Доказательством того, что моя книга включилась в определенное и с моей точки зрения очень существенное историографическое течение, является также то, что во многих университетах Запада – в Германии, Франции, Италии, США, Великобритании, Скандинавских странах – «Категории средневековой культуры» включены в список литературы, рекомендуемой студентам гуманитарных факультетов. Не знаю, учатся ли по моей книге мои компатриоты.

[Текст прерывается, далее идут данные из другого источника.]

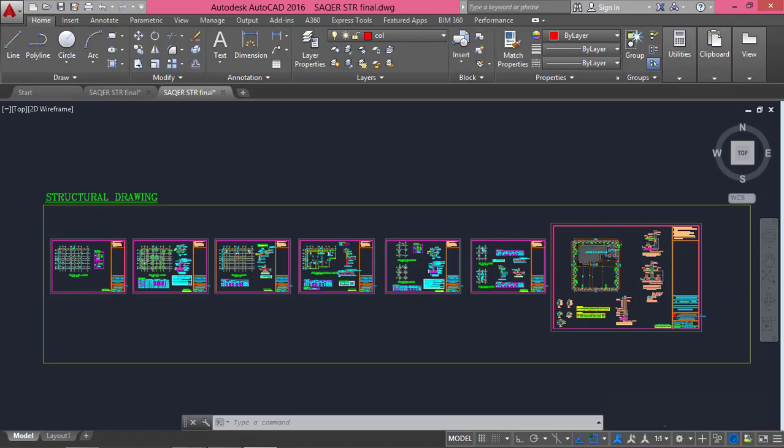Hello guys, welcome to the latest tutorial of Civil Nowhow Tutorials. This time I'm coming up with a tutorial regarding SAFE 2016. This is one of the tutorials that has been frequently requested by our subscribers. It is about how to export a drawing from AutoCAD to SAFE 2016 or any other versions of SAFE. This is a pretty easy thing actually, but for a beginner it might look a bit tricky.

Среди всех откликов наиболее существенным была для меня открытка, полученная от Жака Ле Гоффа. Мы добились того, писал он, что издательство «Галлимар» берется немедленно перевести книгу на французский язык и выпустить ее в серии «Историческая библиотека». Это большая серия, включающая в себя наиболее капитальные труды таких авторов, как Дюби, Ле Гофф, Леруа Ладюри и многие другие.

Но и тут было приключение, без приключений мне не удается прожить. Французы перевели эту книгу. Какая‑то дама по своим делам приехала из Франции в Москву на неделю и остановилась в гостинице «Космос» (я живу на расстоянии двадцати минут ходьбы от этой гостиницы). Она тотчас же отправила мне открытку, в которой сообщала, что привезла французский перевод моей книги, просила его забрать, прочитать и к моменту ее отъезда вернуть для передачи рукописи в издательство. Дело срочное. Я этой открытки не получил. В последний день ее пребывания в Москве, когда я вечером пришел домой, жена говорит: «Приходила француженка, очень недовольная. Она тебе давно отправила послание, а ты не проявил внимания и не явился за собственной книгой». Жена, конечно, претензий мне не предъявляла, она местного происхождения и понимала, в чем дело. Но что же вышло? Гостиница «Космос» – международная; когда открытку, опущенную француженкой в тамошний почтовый ящик, вынули, ее не послали по адресу, а отправили к цензору, я же получил эту открытку только через сорок дней.

Я был разъярен и послал жалобу министру связи. Отклик последовал. Телефонный звонок:

– Арон Яковлевич, с вами говорит инженер по связи такая‑то. Вы прислали нам претензию, мы проверили. Я вынуждена от своего имени и от имени Министерства принести вам глубочайшие извинения. Понимаете, летом почта работает не так быстро, как зимой, – отпуска…

Я говорю:

– Я понимаю: товарищ, который должен был перлюстрировать, был на курорте.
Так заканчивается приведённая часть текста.